Researchers found that returning glucose levels to normal, i.e., recovering from the pre-diabetic stage, reduces the risk of death from cardiovascular disease or the need for hospitalization due to heart failure by 58%, and also contributes to reducing heart attacks and strokes by 42%. Crucially, these health benefits persisted for decades.

Towards a New Goal Beyond Lifestyle Changes

Dr. Andreas Birkenfeld, the study’s principal investigator and lecturer in the Department of Diabetes at King’s College London, commented: “This study questions one of the most important assumptions in modern preventative medicine. For many years, people with pre-diabetes have been advised to follow a healthy diet, lose weight, and exercise, as ways to prevent heart disease, but the evidence does not unequivocally support this.”

He pointed out that previous analyses showed that these lifestyle interventions, although delaying the progression of diabetes, were not sufficient on their own to reduce the risk of cardiovascular disease.

A Silent Global Crisis

Pre-diabetes affects more than a billion people worldwide, impacting one in five adults in the UK, one in three in the US, and four in ten in China. It is one of the main risk factors for heart disease, which is in turn a leading cause of death globally.

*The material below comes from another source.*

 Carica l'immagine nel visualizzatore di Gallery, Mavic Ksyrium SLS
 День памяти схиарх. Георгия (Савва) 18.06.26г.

Birkenfeld added: “The results of this study mean that recovery from pre-diabetes can become a major preventative tool, alongside lowering blood pressure, reducing cholesterol, and quitting smoking.”

A Radical Shift in Treatment Strategy

Health experts welcomed the study’s results, considering them a “life-saving shift,” and called for normalizing blood glucose levels to be a priority in treatment, rather than relying solely on lifestyle recommendations.